Nevertheless, the argument that the parties have dealt with at arm’s length has merit. However, this argument is only likely to be accepted by the ATO if the correct market value is reflected in relation to John’s in specie contribution (ie, John’s SMSF has recorded $1,000 as an NCC).

In this instance, arguably, there is no scheme that the SMSF is involved with that should invoke NALI as the full market value of the shares is accounted for.

However, the ATO’s latest view expressed in TR 2010/1-DC appears to preclude this argument as the sale contract does not specify the part of the shares that are acquired under the sale contract and the part that is being made by way of in specie contribution as required pursuant to the ATO’s new views outlined in paragraphs 28 and 29 of LCR 2021/2. 

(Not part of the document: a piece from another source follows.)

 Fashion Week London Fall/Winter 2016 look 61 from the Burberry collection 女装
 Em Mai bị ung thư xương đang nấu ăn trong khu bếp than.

This article highlights some shortcomings in the ATO’s latest views on NALE which do not appear to be supported by any case law or legislative basis.  The ability to recognise ESS discounts as a contribution (ie, the $1,000 discount recognised as an NCC) has been the acceptable position for many years and we consider it is likely to be the better and simplest approach to administer. Moreover, this is the position that numerous professional and industry bodies submitted as being the preferred approach that should be applied.

Conclusions

SMSFs that do not acquire shares at market value via ESSs risk NALI being applied to future dividends (including any franking credits) and any net capital gain on future disposal of the shares. We recommend that given the uncertainty that currently exists as outlined above, before an SMSF acquires any further ESS shares, expert advice from a tax expert with superannuation experience in dealing with the latest NALI developments be obtained. Indeed, advice should be sought before any dealing with shares previously acquired under an ESS as the tax impact is not yet clear.